Por su parte, la práctica de Florencia Rodríguez Giles se fue tejiendo en conversaciones grupales e individuales con objeto de infiltrarse en los sueños de la comunidad. Provocando de forma sutil, delicada, por pura curiosidad, la escucha y el intercambio, animaba a la gente a compartir sus ensoñaciones. La pregunta “¿qué sueñas?, ¿cuáles son tus sueños?” fundía lo onírico con lo aspiracional. Con cada encuentro surgían nuevos intercambios, formando una cadena humana de relaciones personales y actividades que marcaron el camino para entender este pueblo y su ecosistema, pues es este el que se hace presente en las noches. Rodríguez Giles puso en práctica una metodología de largo recorrido de apertura y de costura de grupo que se resignifica en el espacio onírico. Cuáles son sus luchas y qué conflictos emergen de entre las arcillas, los yuyos y las rocas que contienen tiempos profundos, se preguntaba mientras iba hilvanando encuentros diseñados por Zona, para sembrar un espacio onírico que con el tiempo pudiese entremezclarse con las urnas funerarias y las muchas ánimas que viven en las sombras del museo, en el adentro y el afuera de sus patios internos.

Sumergida en el territorio, Julia Padilla pareció crear un estudio al aire libre. Tocar pieles, animales en todos sus estados del ser, materias de diferente índole que no dejaban de superponerse y abrazarse en un juego seductor, sensual, cárnico y carnal, de múltiples capas. En una investigación de los cuerpos que habitan el ecosistema rural y árido, Padilla funde genuinamente en el hacer una hibridación de lo natural, animal y humano. Mientras el cuerpo táctil performaba la fuerza conductiva de los espacios naturales y humanos —fracturando la aún persistente lectura dualista del mundo—, sus dibujos, en pequeño formato, acababan por enredar, traer el color y el mundo fantástico. Unas postales únicas del territorio, que son un trasvase desde lo casual a lo fantástico, haciendo tangibles y visibles las ausencias que conforman los tiempos profundos de estas arcillas y pueblos calchaquíes.
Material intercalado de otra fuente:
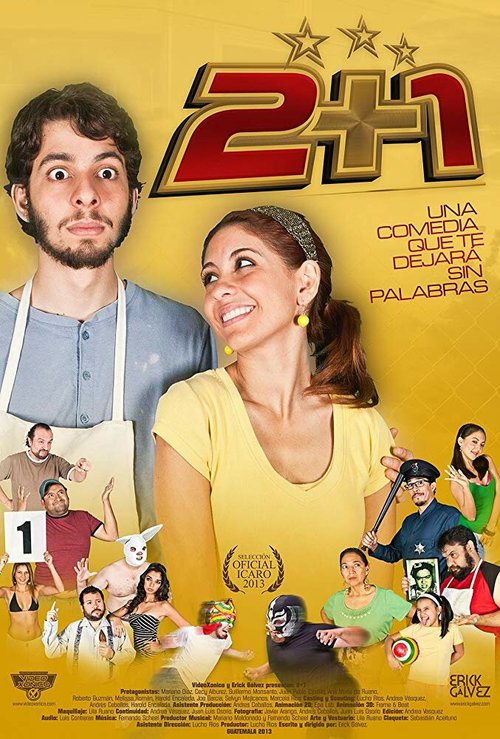 Обложка 2+1 (2014) 
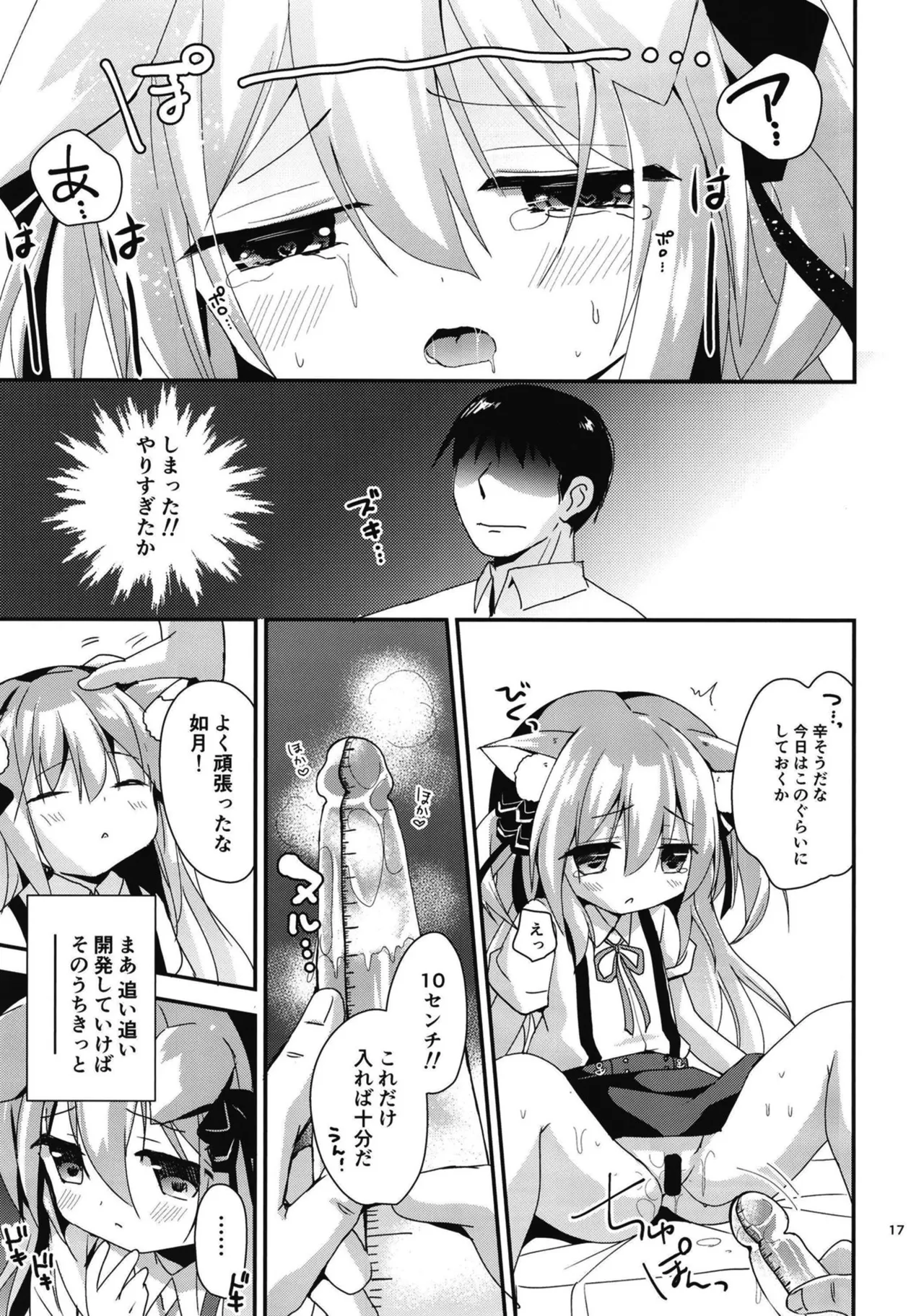 改になったらしたいコト Page.16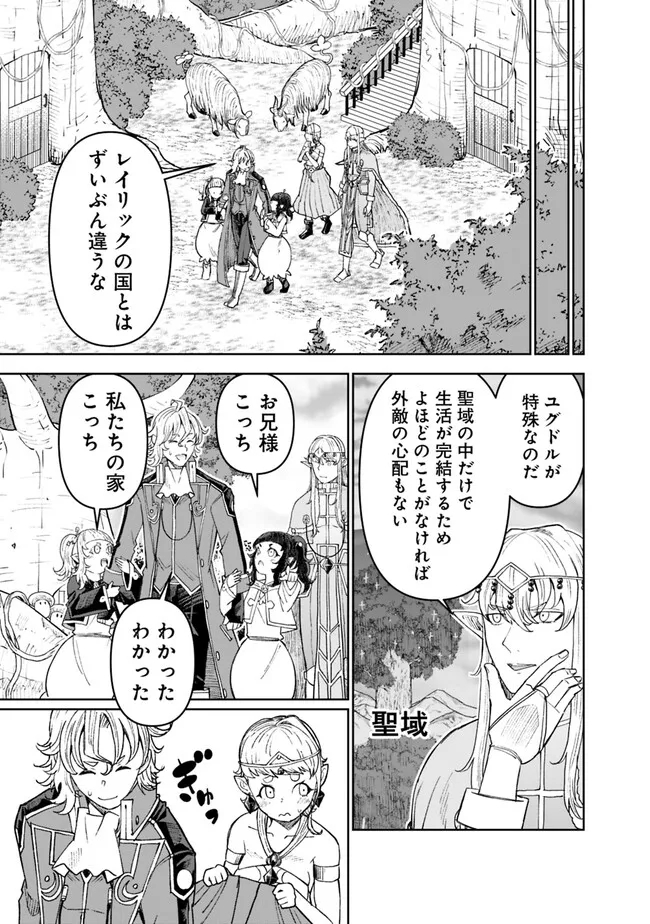 SHIJOU SAIKYOU NO KYUUTEI TAMER - raw - Chapter 24 - https://jpdd.ccdd.to/JPDD/shijousaikyounokyuuteitamer/243760/f312xdqane1.jpg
¿Qué hicimos de vuelta? ¿Qué aportamos como invitados al encuentro entre saberes autóctonos?, ¿varias formas de ecología, de museografía, y práctica contemporánea? En lo concreto, una instalación artística; una metodología de encuentros, lápices y colores que parecían obsequios a humanos y más-que-humanos; la activación personal de Sonic Meditation VIII de Pauline Oliveros con las vibrantes rocas de la cantera como instrumentos que ocuparon el aparente vacío de nuestro silencio según caía la noche; un asado entre copleras; y una sesión de cine comunal 1, 2, 3 Cántame piedra sobre los cuentos e historias que los mayores cuentan y nosotros inventamos y soñamos para conectarnos y aprender de los territorios que nos rodean. Merodear, preguntar, dejarse ver y acercarse, porque cuando el territorio es pequeño, las intimidades se cultivan de a poco.
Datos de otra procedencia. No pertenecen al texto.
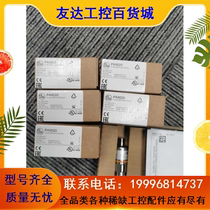 IFM PA9026 PA9028 PA9020 PA9021 PA9022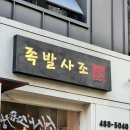 족발사조 이미지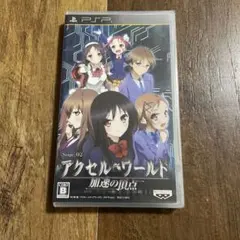 新品 未開封 アクセル・ワールド -加速の頂点-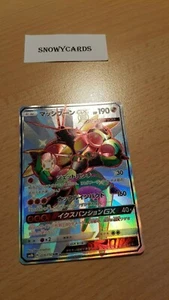Japanese - Shiny Buzzwole GX - 228/150 SSR - M/NM - Pokemon - SM8b - Picture 1 of 2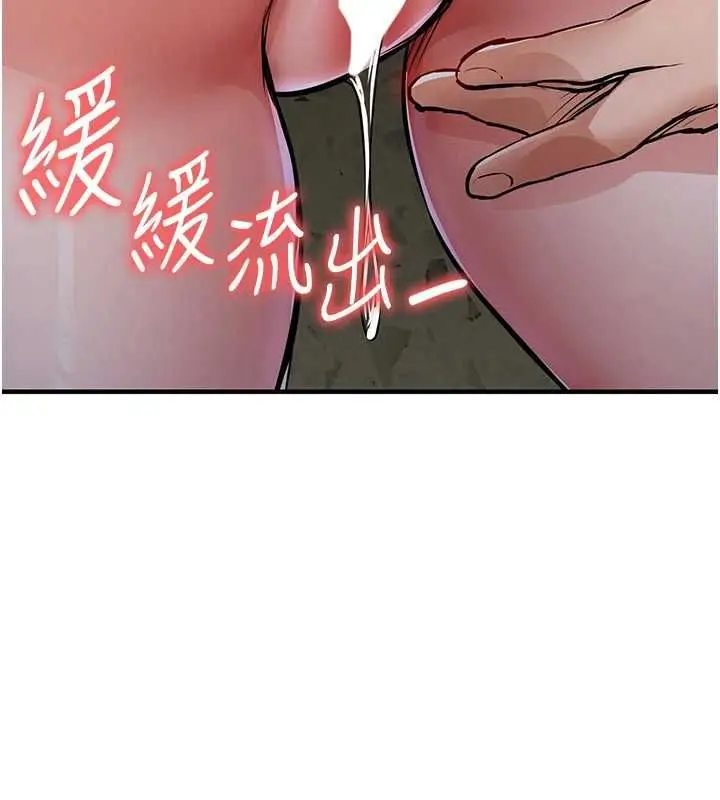 漫画《衣锦还乡》第42话第118张图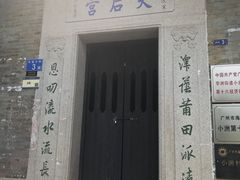 -小洲村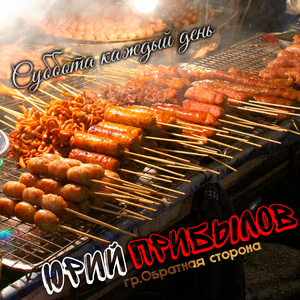 Суббота каждый день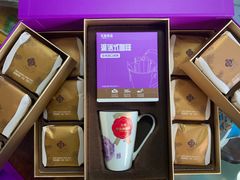 -元祖食品GANSO(常州新北区店)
El bautizado “tiempo profundo”, que nos permite nombrar el límite de nuestra capacidad cognitiva para entender los tiempos vivos y muertos, en esencia, la vida misma de la tierra (y la Tierra), se presenta en la vastedad de sus cuerpos geológicos, sus montañas y formaciones rocosas visibles en tierra, así como también bajo tierra y mar. Las vemos, las tocamos, incluso las medimos y estudiamos químicamente y con ello parecen indicarnos estratos geológicos, millones y billones de años que seguimos sin comprender del todo. Eso no limita nuestra capacidad de impresionarnos y deleitarnos contemplando su vastedad, aridez, riqueza sin vida aparente. Sin embargo, sus pozos de nueva materia, donde anidan y su encarnan los tiempos profundos, no son estáticos, acaban por irrumpir en sistemas que se entremezclan con nuestra vida perenne orgánica y presente. Su fuerza viva ha sido compañera de viaje en el encuentro con ecologías comunales.